A former ambassador to the Vatican has accused Pope Francis of ignoring sexual abuse claims against prominent US cardinal Theodore McCarrick, who was forced to resign last month.
Archbishop Carlo Maria Vigano said that he had told Francis, who is currently visiting Ireland, of the allegations in 2013, but that the pontiff instead lifted sanctions imposed on McCarrick by predecessor Pope Benedict.
Vigano's eleven-page letter was published simultaneously on Saturday in several conservative Catholic publications in the US.
The Pope on Saturday said he shared in the "pain and shame" of the church's failure to deal with historic allegations of clerical abuse, and the latest claims are likely to intensify calls for action.

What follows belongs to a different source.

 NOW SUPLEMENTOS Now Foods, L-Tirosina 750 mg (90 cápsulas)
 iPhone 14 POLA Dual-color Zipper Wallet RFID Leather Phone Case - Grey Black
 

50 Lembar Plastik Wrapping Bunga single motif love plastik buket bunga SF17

The Vatican said it had no comment to make on the allegations.
Bishop Vigano, 77, who was a papal nuncio in Washington between 2011 and 2016, said that Benedict XVI imposed canonical sanctions against Cardinal McCarrick in the late 2000s.

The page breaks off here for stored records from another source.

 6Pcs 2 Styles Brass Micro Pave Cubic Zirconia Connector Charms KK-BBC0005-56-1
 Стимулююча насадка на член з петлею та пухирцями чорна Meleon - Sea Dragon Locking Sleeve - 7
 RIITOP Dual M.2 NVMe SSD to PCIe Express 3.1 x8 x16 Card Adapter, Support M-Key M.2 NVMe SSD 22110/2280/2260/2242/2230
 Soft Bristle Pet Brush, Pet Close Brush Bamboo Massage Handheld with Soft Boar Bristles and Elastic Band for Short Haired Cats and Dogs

McCarrick was forced to leave the seminary where he lived, avoid all public contact and live a life of penance after former Vatican ambassadors in Washington, now dead, reported him for "gravely immoral" behavior with seminarians and priests.

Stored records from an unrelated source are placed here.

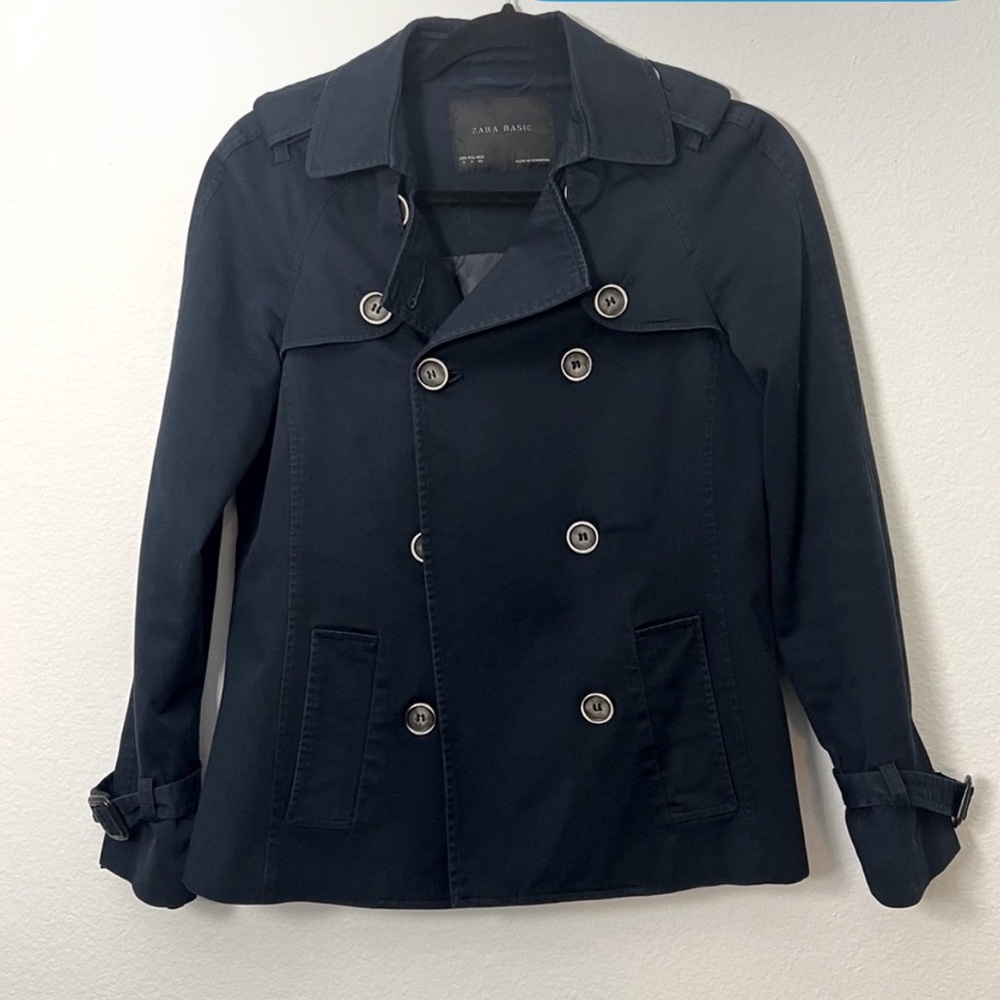 Zara Women's Rain Coat Size Slim Navy Blue Double Breasted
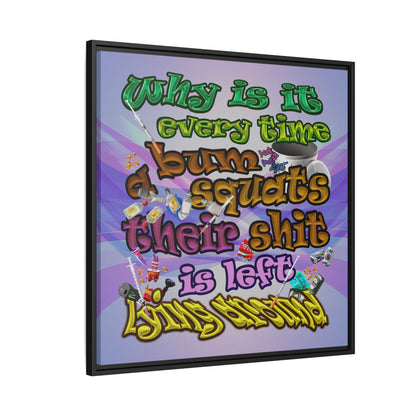 the bum's shit - framed canvas art (light blue-pink wave)
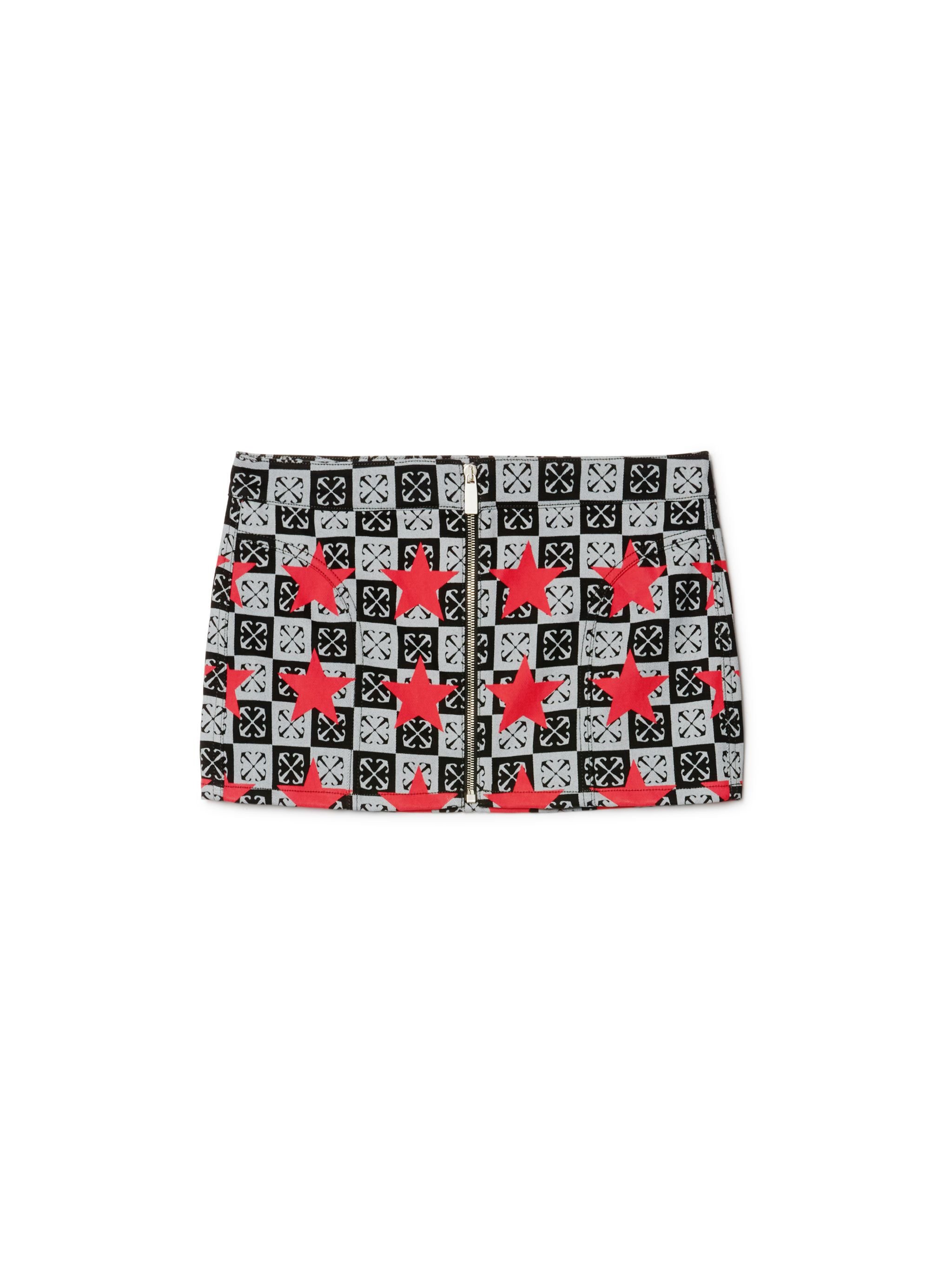 OFF WHITE Printed Star Denim Skirt BLACK OWYF02AW24DEN001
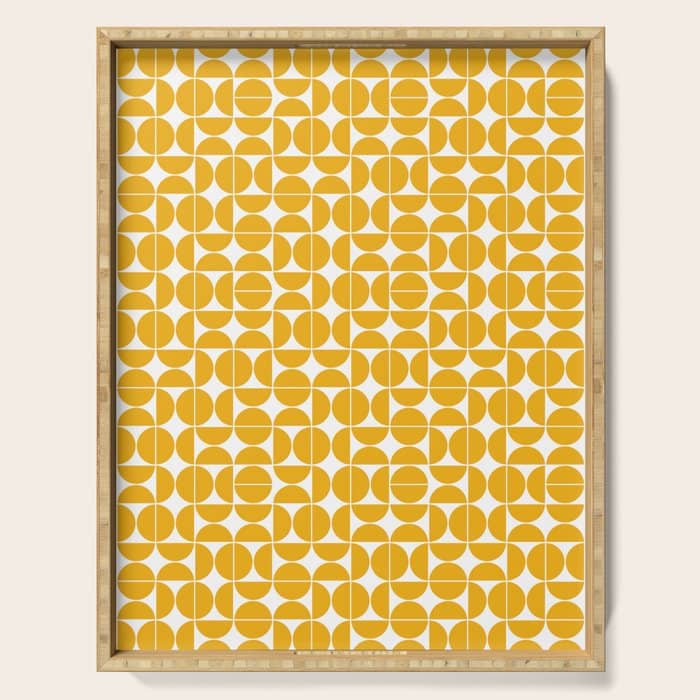 Mid Century Modern Geo 04b Yellow Serving Tray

Vigano claims Pope Francis asked him about McCarrick when he took office in June 2013, but that Francis ignored his warnings, and instead made him a "trusted counselor."
"He (Pope Francis) knew from at least June 23, 2013 that McCarrick was a serial predator," wrote Vigano," adding "he knew that he was a corrupt man, he covered for him to the bitter end."
The former nuncio wrote that Francis was "abdicating the mandate which Christ gave to Peter to confirm the brethren," and urged him to "acknowledge his mistakes".
The pope was on Sunday due to preach in front of around 500,000 people in Dublin at the end of a two-day visit to Ireland.